Exercise description. Produce as output only the lines below starting at the line with "keong tutut frozen kemasan vakum 220gr" and continuing through the line with "Африканские пастухи", each one exactly as written.

The data.
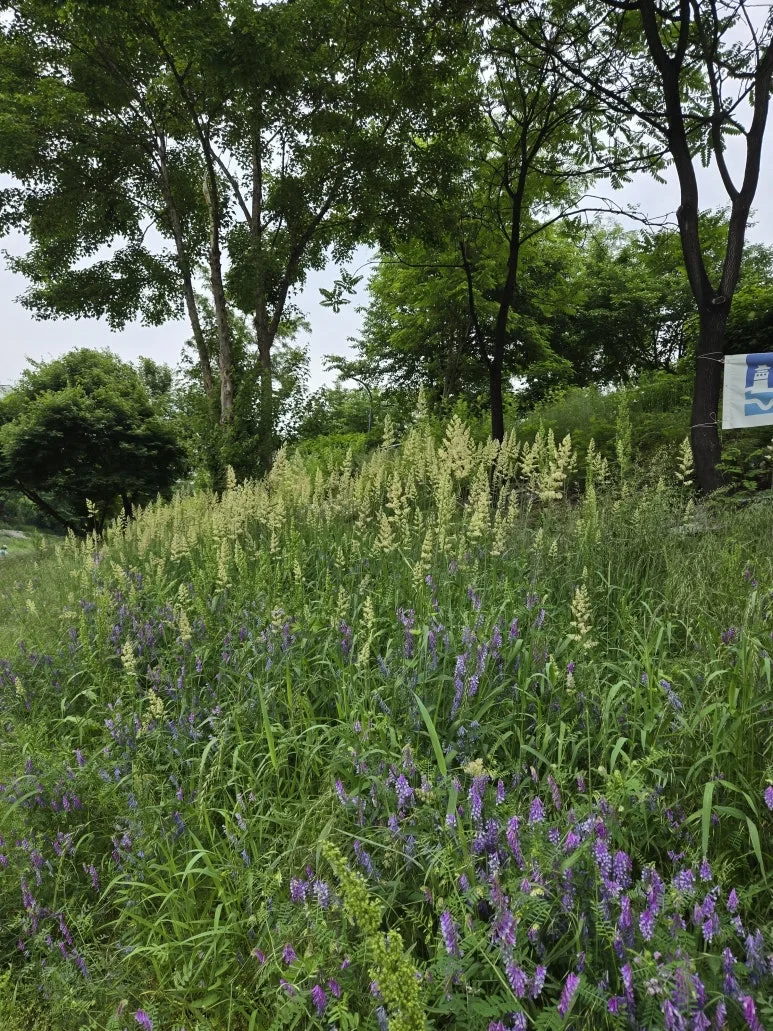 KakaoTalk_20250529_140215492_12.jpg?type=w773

--

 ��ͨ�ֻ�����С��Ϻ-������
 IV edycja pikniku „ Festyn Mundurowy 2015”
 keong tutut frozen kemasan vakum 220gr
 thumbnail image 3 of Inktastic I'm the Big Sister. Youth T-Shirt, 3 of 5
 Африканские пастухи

Exercise output.
 keong tutut frozen kemasan vakum 220gr
 thumbnail image 3 of Inktastic I'm the Big Sister. Youth T-Shirt, 3 of 5
 Африканские пастухи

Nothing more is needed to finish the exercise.